Credal Marginal MAP

Authors: Radu Marinescu, Debarun Bhattacharjya, Junkyu Lee, Fabio Cozman, Alexander Gray

NeurIPS 2023 | Conference PDF | Archive PDF | Plain Text | LLM Run Details

Reproducibility Variable Result LLM Response
Research Type Experimental An extensive empirical evaluation demonstrates the effectiveness of our new methods on random as well as real-world benchmark problems. We evaluate empirically the new CMMAP inference algorithms on random credal networks with different graph topologies as well as a collection of credal networks derived from real-world applications.
Researcher Affiliation Collaboration Radu Marinescu IBM Research, Ireland radu.marinescu@ie.ibm.com Debarun Bhattacharjya IBM Research, USA debarunb@us.ibm.com Junkyu Lee IBM Research, USA junkyu.lee@ibm.com Alexander Gray IBM Research, USA alexander.gray@ibm.com Fabio Cozman Universidade de São Paulo, Brazil fgcozman@usp.br
Pseudocode Yes Algorithm 1 Variable Elimination for Credal Marginal MAP; Algorithm 2 Mini-Buckets for Credal Marginal MAP; Algorithm 3 Local Search for Credal Marginal MAP
Open Source Code Yes The supplementary material includes additional details, experimental results, code and benchmarks.
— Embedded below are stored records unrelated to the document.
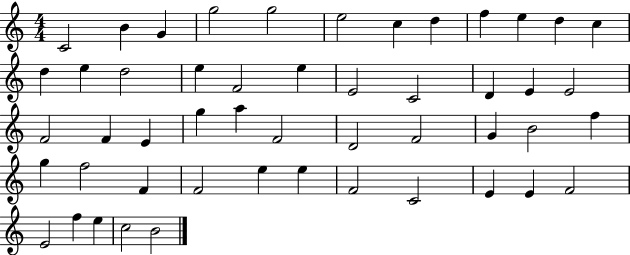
{
  \clef treble
  \numericTimeSignature
  \time 4/4
  \key c \major
  c'2 b'4 g'4 | g''2 g''2 | e''2 c''4 d''4 | f''4 e''4 d''4 c''4 | \break d''4 e''4 d''2 | e''4 f'2 e''4 | e'2 c'2 | d'4 e'4 e'2 | \break f'2 f'4 e'4 | g''4 a''4 f'2 | d'2 f'2 | g'4 b'2 f''4 | \break g''4 f''2 f'4 | f'2 e''4 e''4 | f'2 c'2 | e'4 e'4 f'2 | \break e'2 f''4 e''4 | c''2 b'2 | \bar "|."
}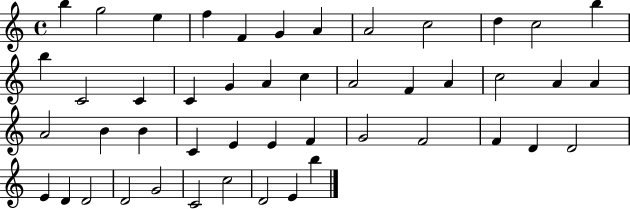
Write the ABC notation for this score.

X:1
T:Untitled
M:4/4
L:1/4
K:C
b g2 e f F G A A2 c2 d c2 b b C2 C C G A c A2 F A c2 A A A2 B B C E E F G2 F2 F D D2 E D D2 D2 G2 C2 c2 D2 E b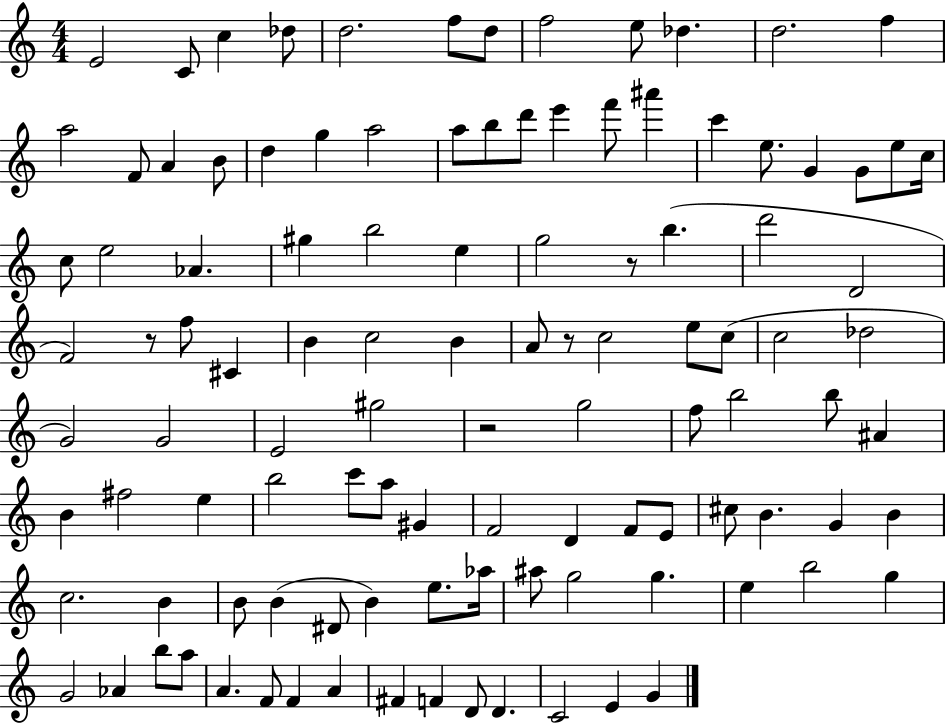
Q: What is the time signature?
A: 4/4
Open Datasets Yes We evaluate the proposed algorithms for CMMAP on random credal networks and credal networks derived from real-world applications. ... credal networks derived from 22 real-world Bayesian networks1 ... 1Available at https://www.bnlearn.com/bnrepository/
Dataset Splits No The paper does not provide specific details on training, validation, and test dataset splits (percentages, counts, or specific methods like k-fold cross-validation).
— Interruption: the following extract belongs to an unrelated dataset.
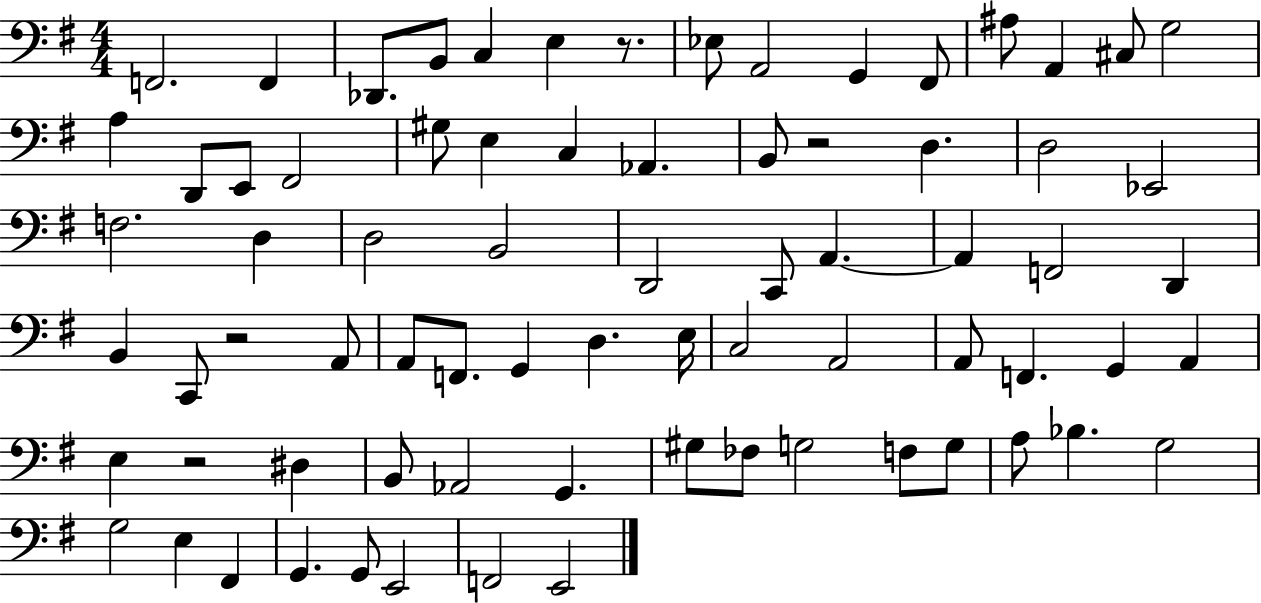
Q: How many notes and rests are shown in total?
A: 75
Hardware Specification Yes All competing algorithms were implemented in C++ and the experiments were run on a 32-core machine with 128GB of RAM running Ubuntu Linux 20.04.
Software Dependencies No The paper mentions 'C++' and 'Ubuntu Linux 20.04' but does not specify version numbers for any libraries, solvers, or other key software dependencies.
Experiment Setup Yes The local search algorithms used N = 10 iterations and M = 10, 000 maximum flips per iteration, and they all used the approximate L2U algorithm with 10 iterations [29] to evaluate the MAP assignments during search. Furthermore, for SHC we set the flip probability pflip to 0.2, TS used a taboo list of size 100, while for SA we set the initial temperature and cooling schedule to Tinit = 100 and σ = 0.9, respectively. For CMBE(i) we set the i-bound i to 2 and used the same L2U algorithm to evaluate the solution found. All competing algorithms were allocated a 1 hour time limit and 8GB of memory per problem instance.